Amec Foster Wheeler plc was a British multinational consultancy, engineering and project management company headquartered in London, United Kingdom. In October 2017, it was acquired by Wood Group.

It was focused on the Oil, Gas & Chemicals, Mining, Power & Process and Environment & Infrastructure markets, with offices in over 55 countries worldwide. Roughly a third of its turnover came from Europe, half from North America and 12% from the rest of the world.
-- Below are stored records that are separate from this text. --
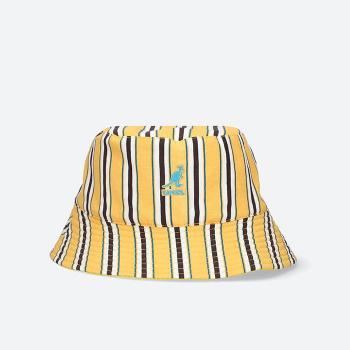 Kangol Double Pattern Bucket K5275 SUNSET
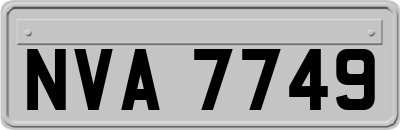 NVA7749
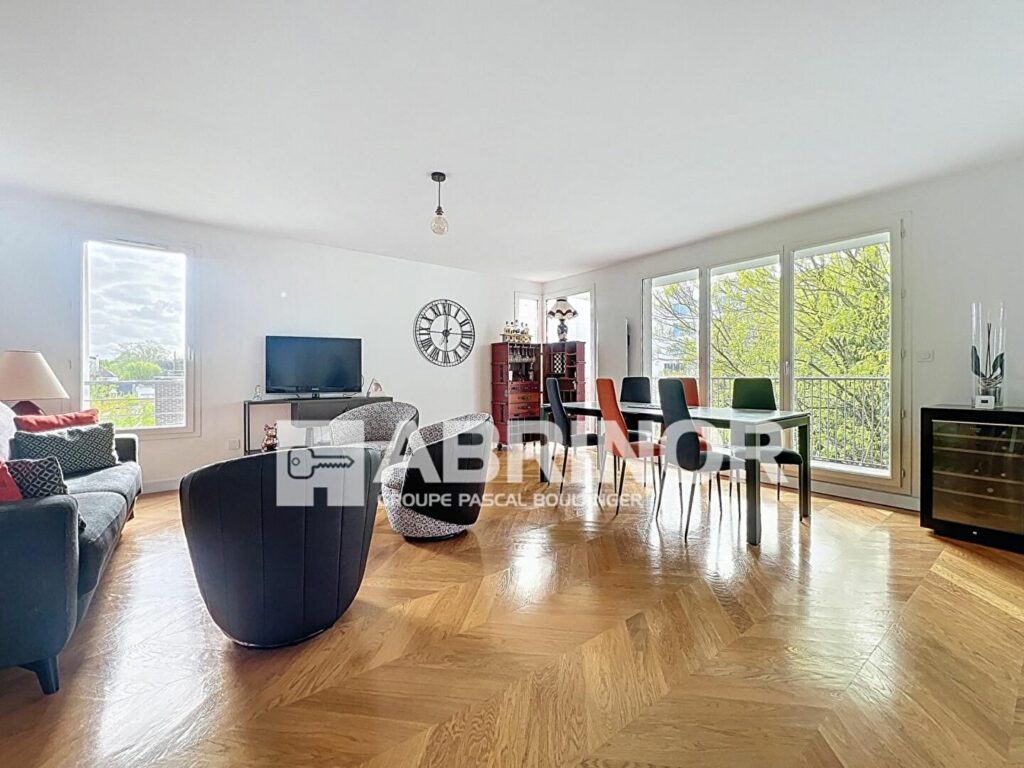 Appartement en vente à LILLE — photo 4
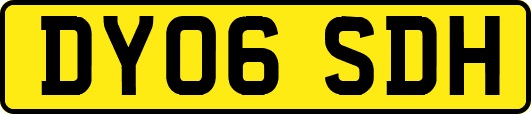 DY06SDH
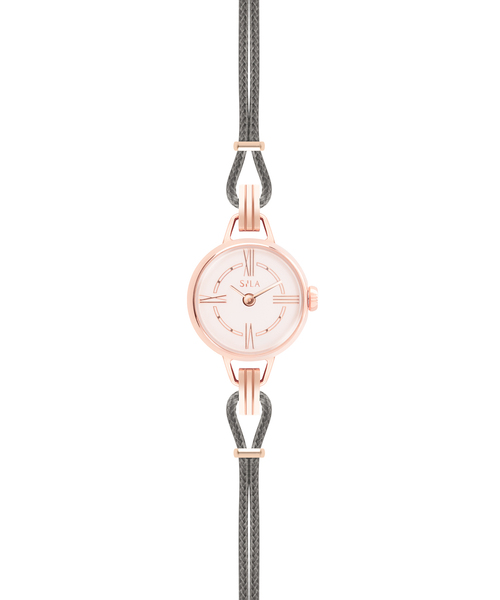 SILA�i�V���j�́u�qSILA PARIS/�V�� �p���X�rCotton Belt/�R�b�g���x���g�@�s���N�S�[���h�i�r���v�j�v�b�O���[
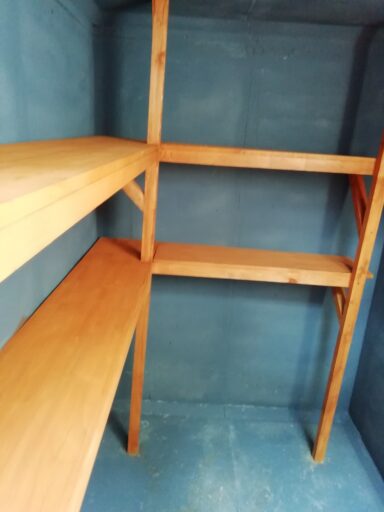 Погреб для дачи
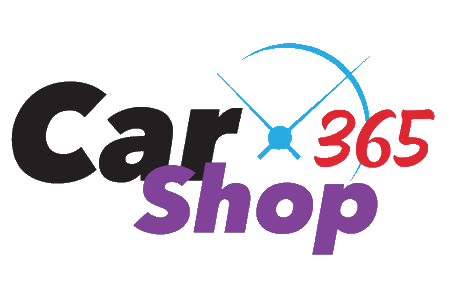 Car Shopping Website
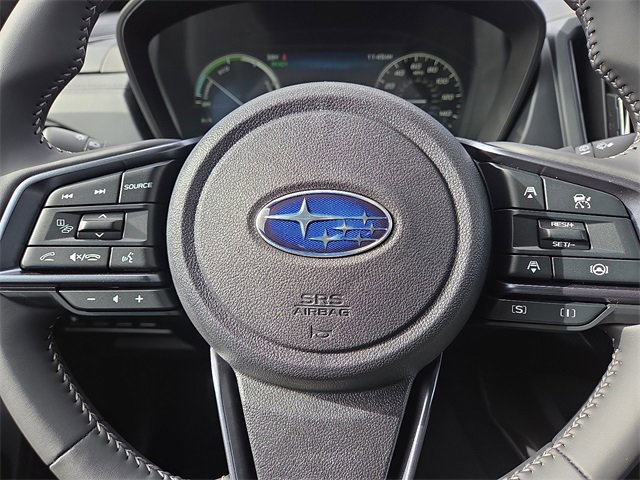 New 2025 Subaru Forester Limited image 12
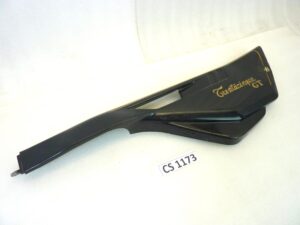 Carena laterale fiancatina destra Guzzi V35 GT III fianchetto vedi foto
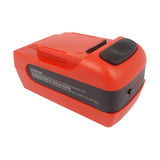 Batteries N Accessories BNA-WB-L10965 Power Tool Battery - Li-ion, 20V, 3000mAh, Ultra High Capacity - Replacement for Craftsman 25708 Battery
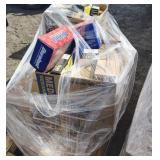 DIFFERENT TYPES OF FILTERS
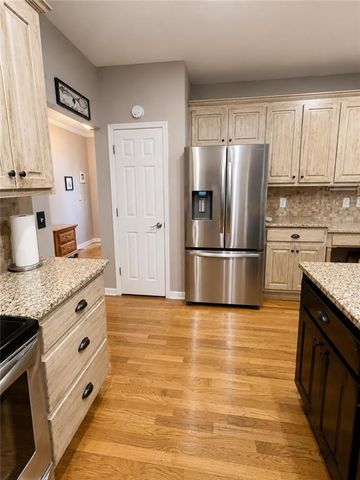 136 Eagles Nest Circle, Carrollton, GA 30116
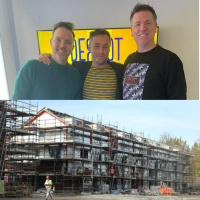 We Need Radical Change: Rory Hearne Explains Where Irelands Housing Has Gone Wrong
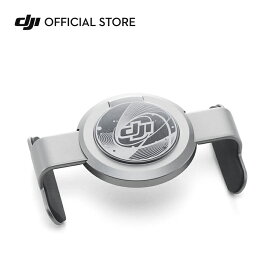 DJI Osmo Mobile 磁気スマートフォンクランプ 3
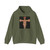 SIMONE MARTINI - Crucifix (Artwork) Hoodie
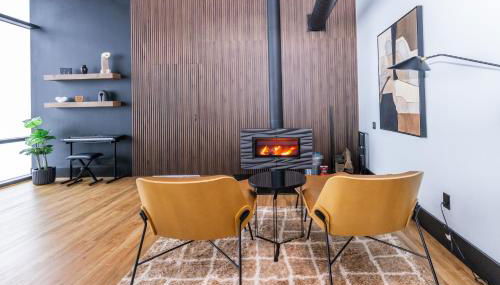 Secluded Dream Home with Hot Tub and Full Gym on 20 Acres - Foto 3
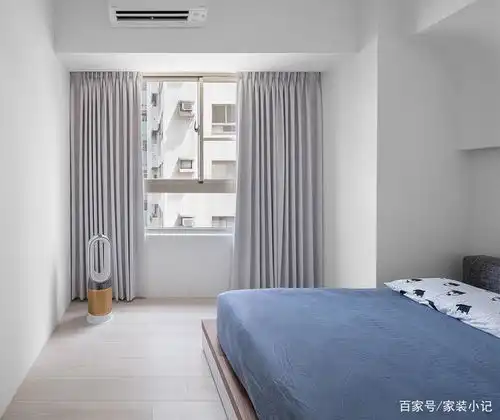 刚好就是最好,126㎡不豪华,却是很多家庭的榜样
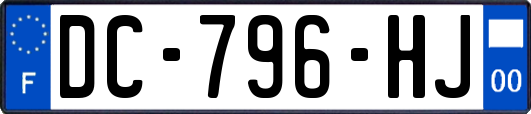 DC-796-HJ
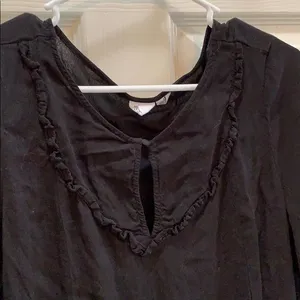 3/$25 - Some days lovin black sheath‎ style dress thumbnail 2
Amec Foster Wheeler shares were publicly traded on the London Stock Exchange and its American Depositary Shares were traded on the New York Stock Exchange.

History
Amalgamated Mechanical Engineering and Construction (AMEC) was formed from the 1982 amalgamation of Leonard Fairclough & Son (founded 1883) and the William Press Group (founded 1913). In 1988, AMEC went on to acquire Matthew Hall Group. In 1996, AMEC took a 40% stake in Spie Batignolles from Schneider in association with a management buyout. Amec launched the AMEC SPIE brand for engineering services in Europe, a rail construction business AMEC Spie Rail was created, and the remaining construction business was retained as Spie Batignolles. The company announced that it would seek to sell the construction arm of the business Spie Batignolles, and entered negotiations to secure a management buyout of that division; the management buyout of the construction arm of Spie was completed in September 2003 with the aid of Barclays Private Equity Finance and later that year Amec took full control of the remaining parts of Spie.
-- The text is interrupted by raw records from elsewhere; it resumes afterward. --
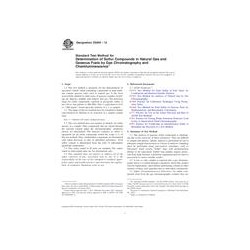 ASTM D5504-12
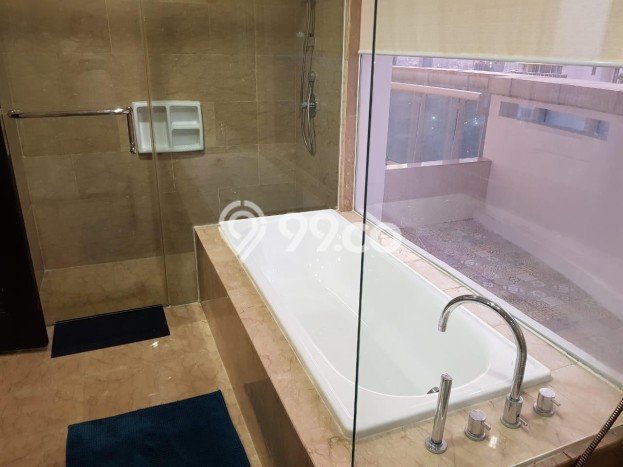 Apartemen Luxury Dijual di Kemayoran Jakarta Pusat Luas 196m2 Apartemen Luxury Dijual di Kemayoran Jakarta Pusat Luas 196m2
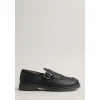 Tresmeer Leather Shoes-Seasalt Cornwall Outlet
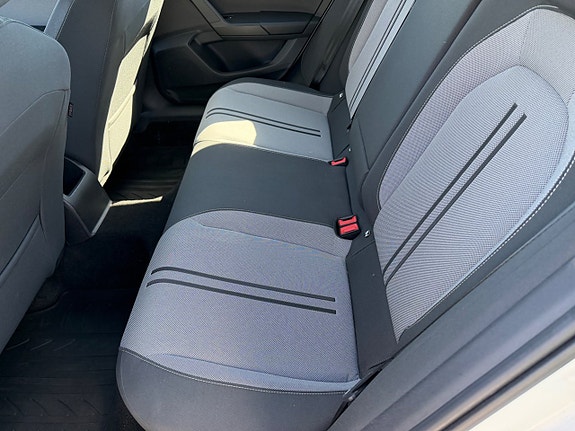 Seat Leon 13 of 27
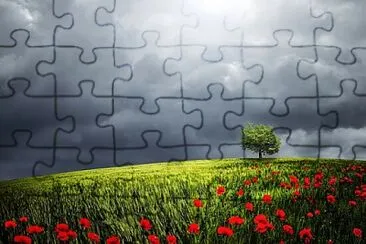 Foto jigsaw puzzle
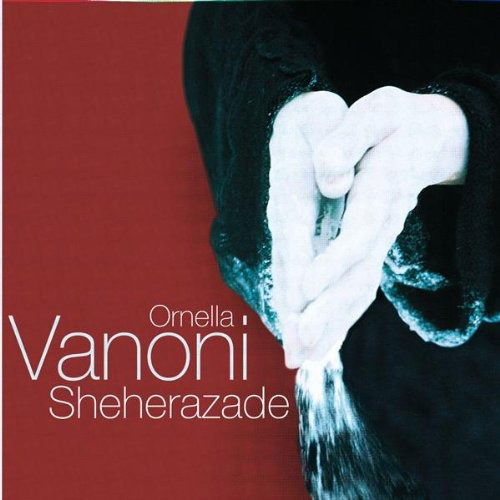 Sheherazade - Ornella Vanoni - Music -  - 0706301196427 -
Acquisitions in the new millennium included Ogden Environmental & Energy Services and AGRA Monenco Inc., a North American engineering and services company, both in 2000 as well as the U.S. operations and equipment of Lauren Kamtech in 2003. Then in 2004, AMEC was awarded a contract to assist in the reconstruction effort in Iraq, as part of a joint venture with Fluor Corp.
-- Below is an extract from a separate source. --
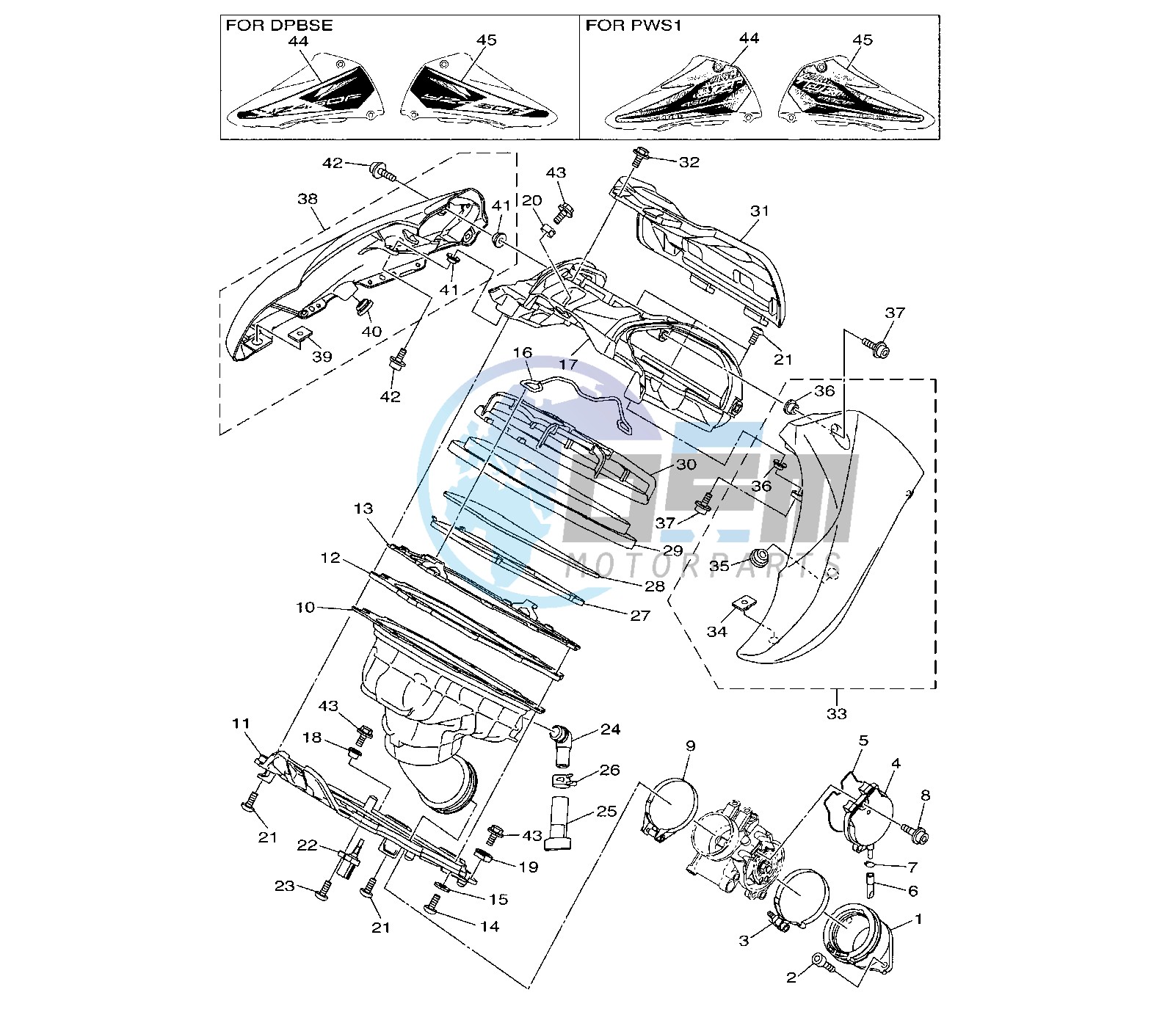 INTAKE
In 2005, AMEC acquired UK-based NNC, a large nuclear consulting company and its subsidiaries, including Ontario-based Nuclear Safety Solutions ('NSS'), the nuclear safety division of OPG, which was spun off when OPG was privatised. The European engineering business, AMEC SPIE, was sold to PAI Partners for €1,040 million in 2006 and the European rail business joint venture Amec Spie Rail systems was sold for an estimated £200million in 2007, to Colas Group.

In 2007, AMEC purchased UK environmental consultancy Applied Environmental Research Centre (AERC), providers of environmental science, planning engineering and monitoring services, and sold its UK construction arm to Morgan Sindall.  In 2008, it sold its internal plant hire division to Speedy Hire before buying project services company Rider Hunt International, North American environmental consulting firm Geomatrix Consultants, Inc., and Slovakian nuclear services company AllDeco. In 2009, AMEC acquired Performance Improvement Group, Journeaux, Bedard & Associates and GRD Limited and in 2010, it continued to expand with the £61.2 m purchase of Entec UK, one of the UK's largest Environmental Consultancies. GRD Ltd. was a Perth-based company incorporating three companies Global Renewables, GRD Minproc, and Kirfield. AMEC also acquired Australian-based businesses Currie and Brown (Australia) and BurmanGriffiths and acquired a majority stake in S2V Consulting.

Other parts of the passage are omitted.